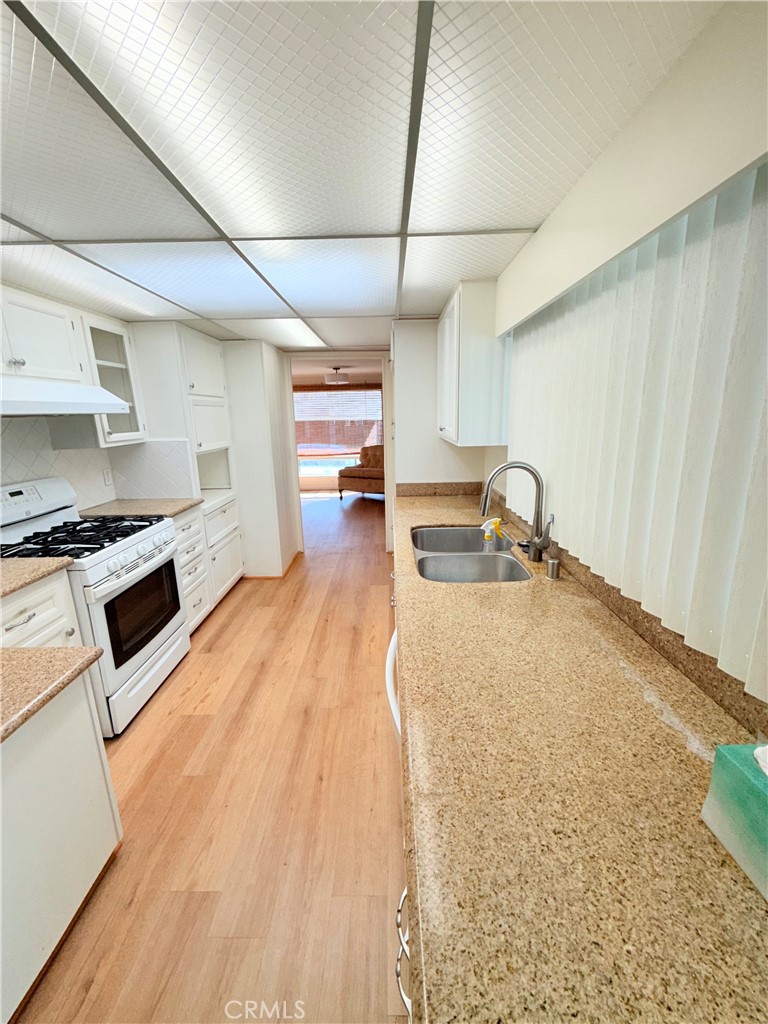 MLS #OC25273742 image #13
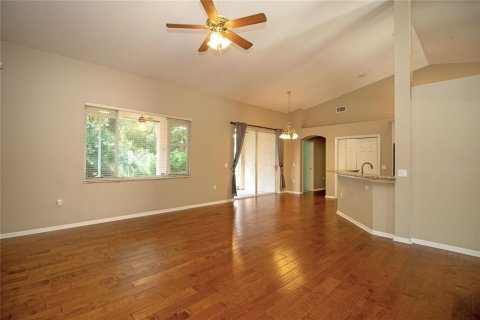 Casa en venta en Tampa, Florida, 4 dormitorios, 213.49 m2 № 1295834 - foto 6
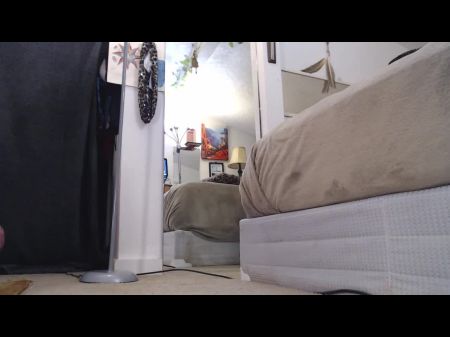 744 desfile de bragas y luego me follo con varios consoladores, progresivamente más grandes hasta el orgasmo 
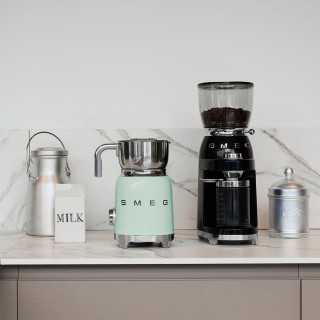 Smeg MFF01PGEU Mjölkskummare Pastelgrön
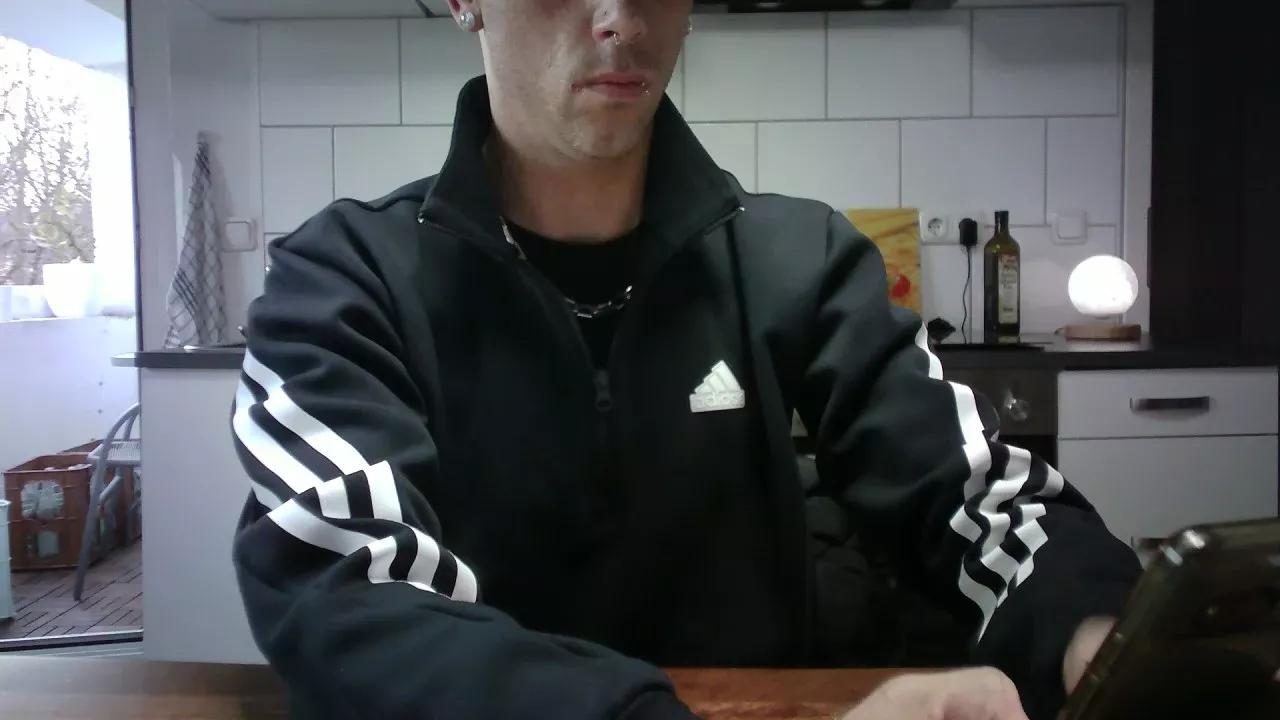 MrGeiZ2512 on Cam4 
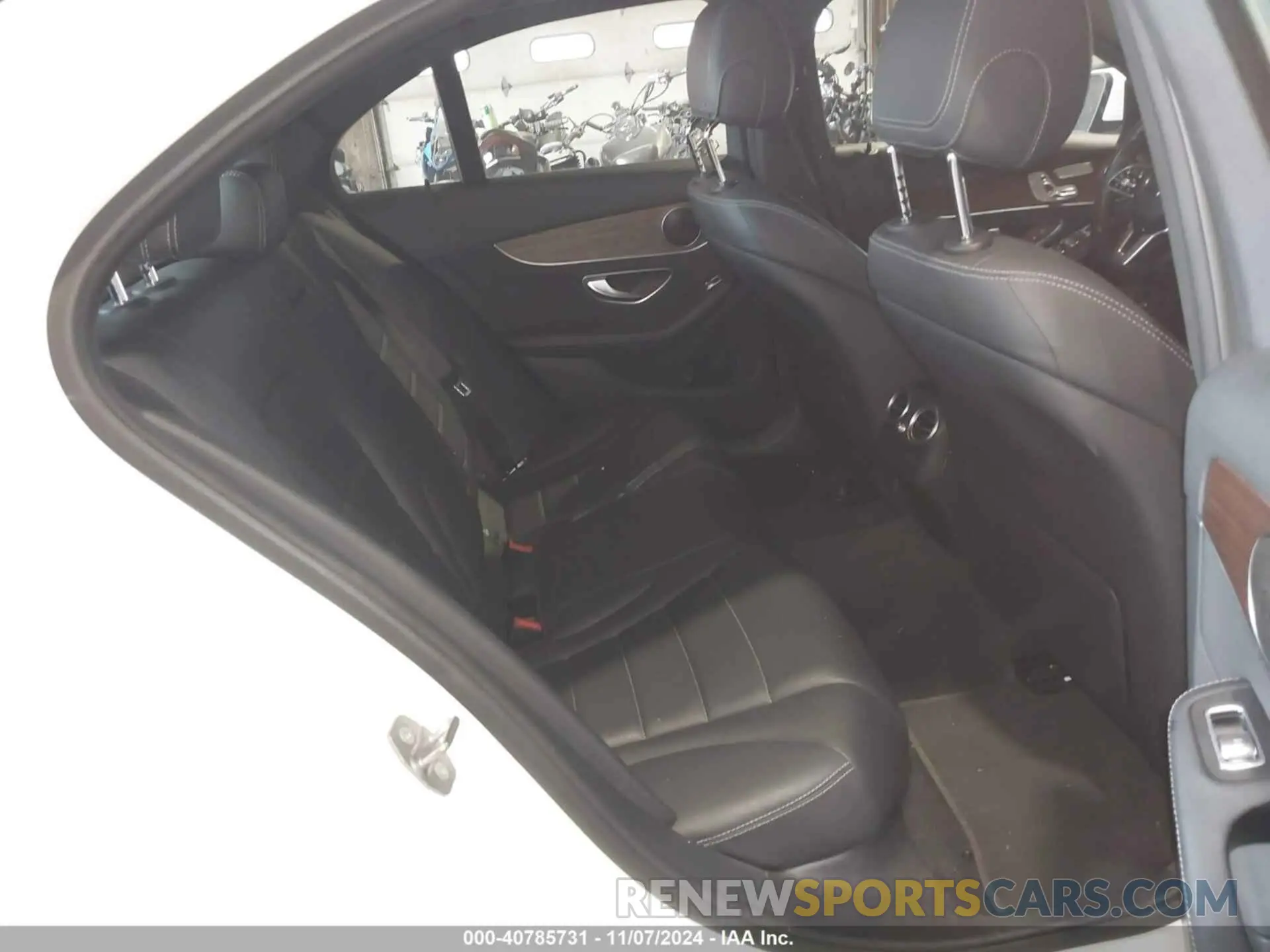 8 fotografías del automóvil dañado WDDWF8EB3KR501678 MERCEDES-BENZ C 300 2019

(Action item)
Once the pictures are removed, output the entries above exactly as given.

(Problem solution)
 MLS #OC25273742 image #13
 Casa en venta en Tampa, Florida, 4 dormitorios, 213.49 m2 № 1295834 - foto 6
 744 desfile de bragas y luego me follo con varios consoladores, progresivamente más grandes hasta el orgasmo 
 Smeg MFF01PGEU Mjölkskummare Pastelgrön
 MrGeiZ2512 on Cam4 
 8 fotografías del automóvil dañado WDDWF8EB3KR501678 MERCEDES-BENZ C 300 2019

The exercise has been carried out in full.